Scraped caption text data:
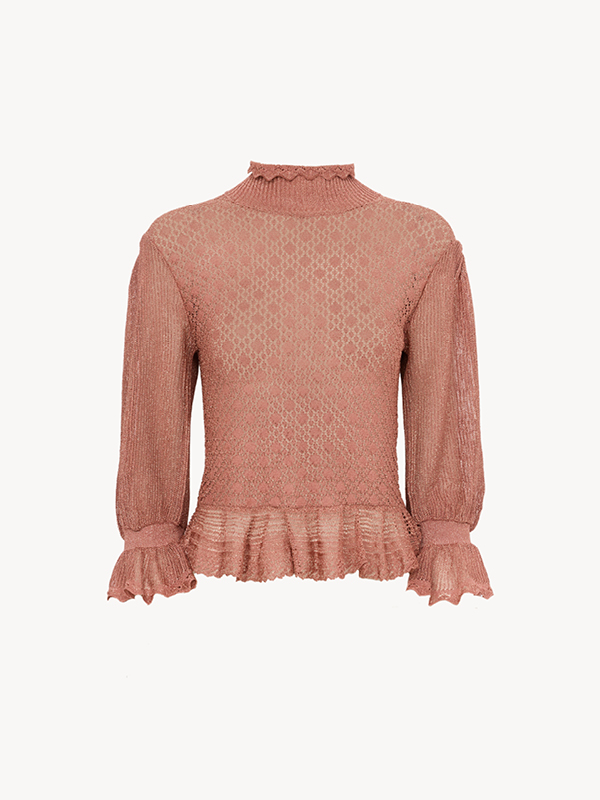 Ruffled puff-sleeve sweater in a lurex knit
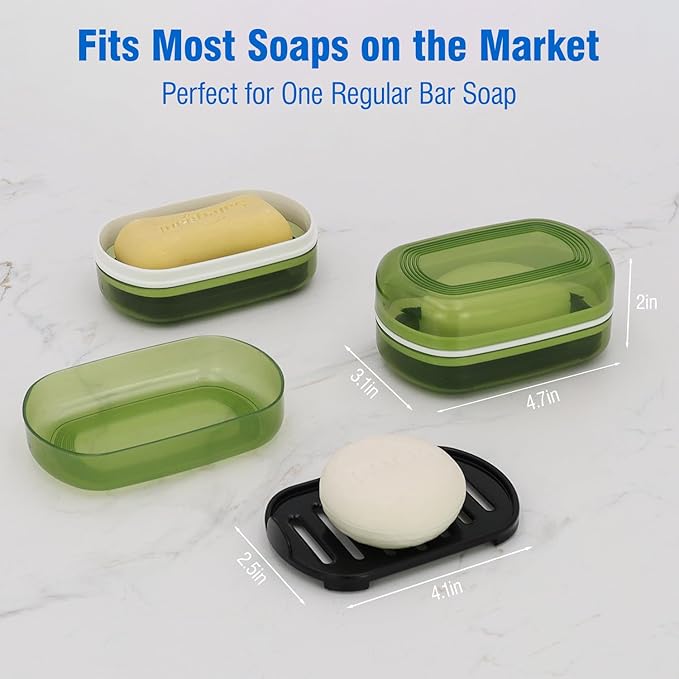 Soap Holder - Portable Travel Soap Case with Draining Layer - Perfect for Bathroom, Gym, Camping, Traveling (Green)-Velvo Beauty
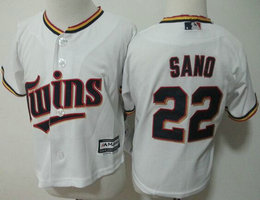 Toddler Minnesota Twins #22 Miguel Sano White New Majestic Authentic Stitched MLB Jersey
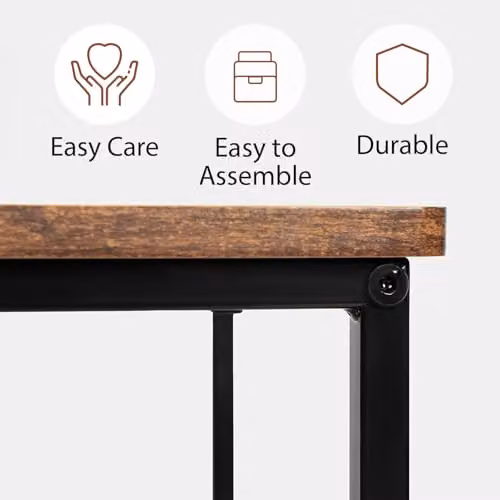 OHS C-Shaped Side Table in Dark Brown Wood Effect with Metal Frame – 4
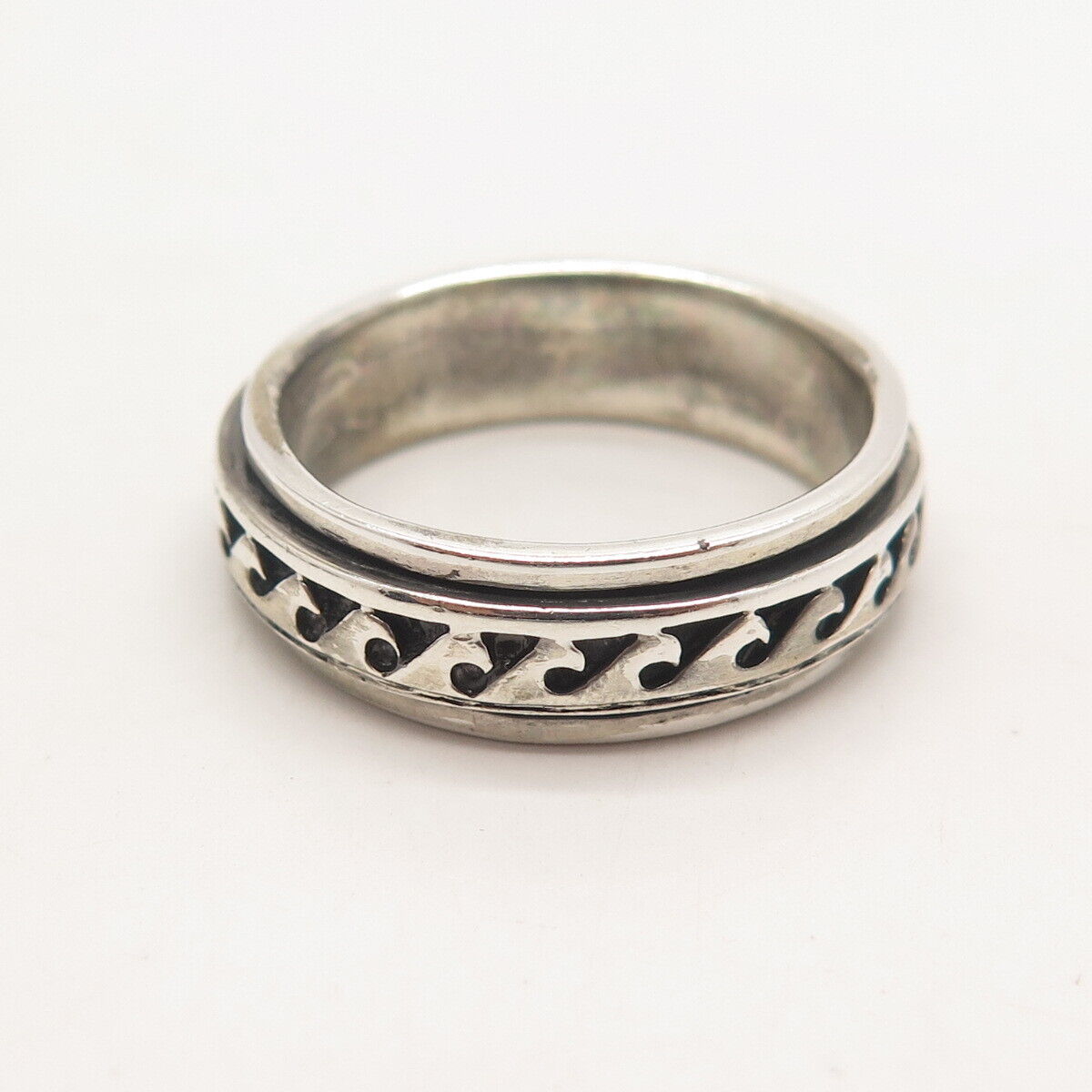 925 Sterling Silver Vintage TMA Water Pattern Rotating Band Ring Size 11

Problem requirements
The records above should be written out in full and unchanged, except that pictures are dropped.

Answer to the exercise
 Ruffled puff-sleeve sweater in a lurex knit
 Soap Holder - Portable Travel Soap Case with Draining Layer - Perfect for Bathroom, Gym, Camping, Traveling (Green)-Velvo Beauty
 Toddler Minnesota Twins #22 Miguel Sano White New Majestic Authentic Stitched MLB Jersey
 OHS C-Shaped Side Table in Dark Brown Wood Effect with Metal Frame – 4
 925 Sterling Silver Vintage TMA Water Pattern Rotating Band Ring Size 11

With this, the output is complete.